756.マツノタケと活用法
料理はコース式で提供される。食べ切ってしまったコカトリスたちも安心だ。レイアはむしろそこを見越していた気もするが……。
運ばれてきたスープボウルをレイアが解説する。
「香味野菜のスープになります。マツノタケも少し入っていますよ」
鼻をくすぐる匂い、そしてタマネギ色のスープ。薄くスライスしたマツノタケの食感と上品な生姜とタマネギの味わい……。
濃厚なマツノタケステーキの合間にはぴったりだ。
「ぴよ! さっぱりぴよね!」
「わふふ。これは交互に頂くんだぞ」
ディアとマルコシアスもすぐに食べ方に気が付いたようだ。ウッドも堪能している。
「ウゴ、マツノタケって焼くのと煮るので結構変わるんだね」
「そうだな……食べ方でかなり変わるかもしれん」
それについてはステラも頷いてくれる。
「淡白なスープにはよく合いますね。ああ、染みます……」
「味付けは薄めだが、そのほうが活きるからな」
前世での松茸のお吸い物なら、醤油やみりんを使うところだろう。それらがないので、薄めのコンソメに合わせている。
「……あとは米があれば完璧でしたが」
「炊き込みご飯か……」
うぅ、それだけは残念だな。レイアが俺とステラを見て首を傾げる。
「炊き込みご飯……というのは?」
「米と一緒にマツノタケを調理するんだ。本場ではポピュラーだが……」
「こちらでは珍しい食べ方ですからね。仕方ありません」
「……少し余っていた気がするのですが」
「なんだって……!」
「そ、それを貰いたいのですが!」
俺とステラが身を乗り出すと、レイアが気前良く応じてくれる。
「元々エルト様とステラ様のお土産用ですから、お気になさらず」
「おおっ、やった……!」
「お家で作れますね!」
「にしても、そこまでマツノタケが好評とは……東洋の珍しいキノコ程度に思っていましたが」
「マツノタケは食卓の主菜や副菜もこなしますからね。
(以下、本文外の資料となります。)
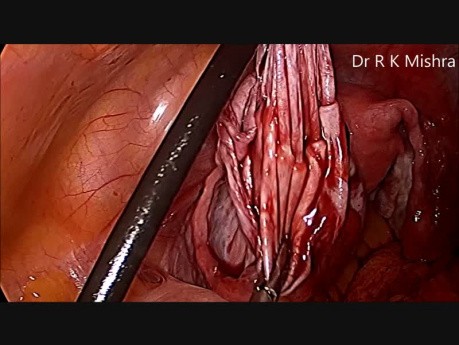 Laparoscopic Ovarian Cystectomy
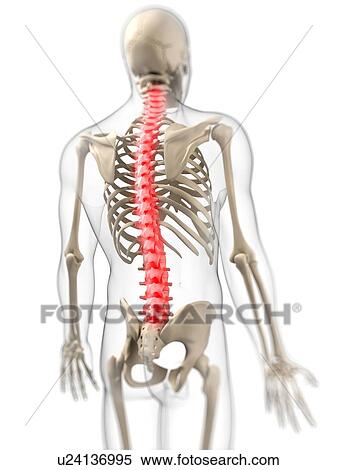 Back pain, conceptual artwork View Large Illustration Stock Illustration - Back pain, conceptual artwork. Fotosearch
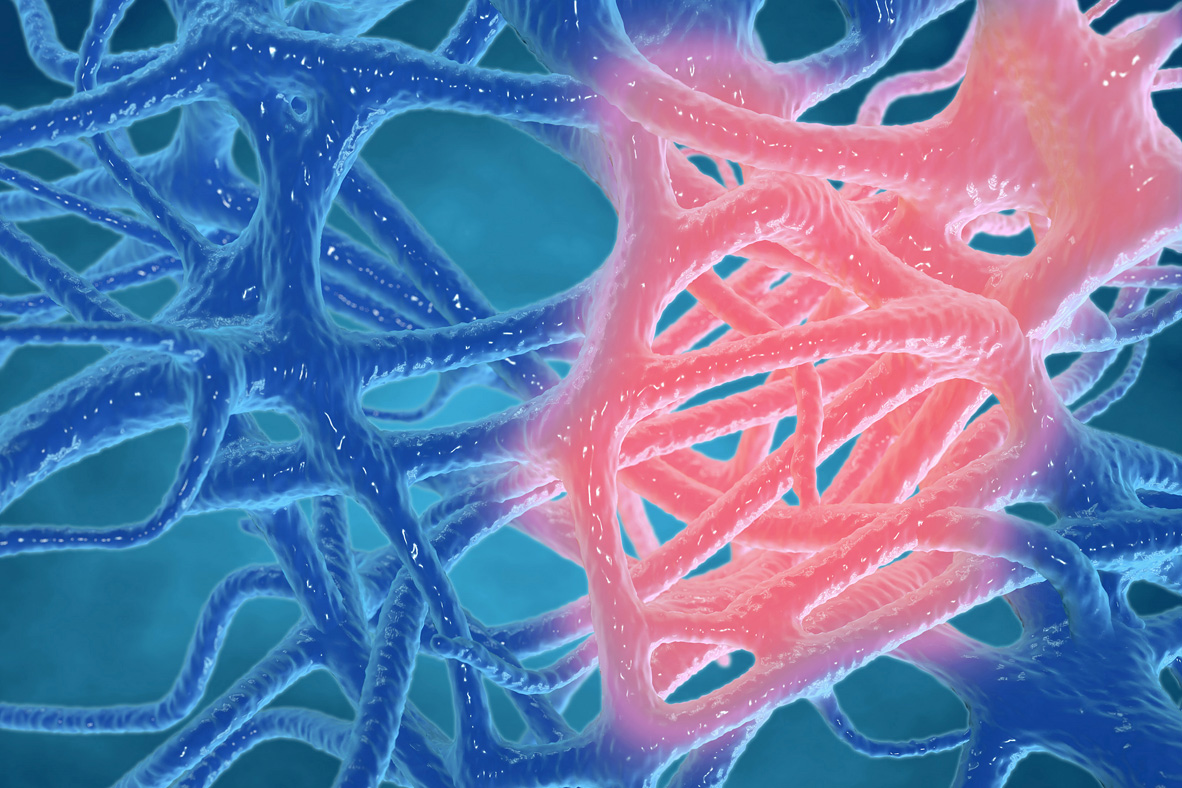 The Evidence on Milk Products on Inflammation Dairy Nutrition Canada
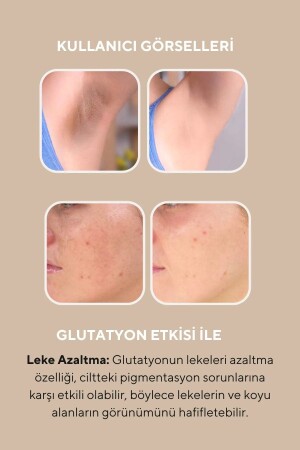 2'li Cilt Beyazlatıcı Aydınlatıcı Glutatyonlu Leke Karşıtı Krem Niacinamide & Kojik Asitli 50 ml - 5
やはり思い入れが違います」
「そうだな……。こほん、ナーガシュ家でも珍重されていた」
危ない危ない。前世がバレないようにしないとな。スープを飲んでいたナナが天井を見ながら考えている
「お米とマツノタケね……。パンにトマトを塗って焼くようなものか」
「いや……そう、なのか?」
「近いような……遠いような……」
「巷ではチーズも塗って焼くらしいけど」
「それはピザじゃないか」
「だからピザじゃないんだって。うちらはチーズを乗せないから」
なるほどな。パンにトマトだけ塗りたくって焼くからか。松茸の炊き込みご飯と……うーん、近いのかなぁ。
「まぁ、メインとの組み合わせでいえばそんな感じかもな」
わからん。異世界の食事情はいまだに謎ばかりだ。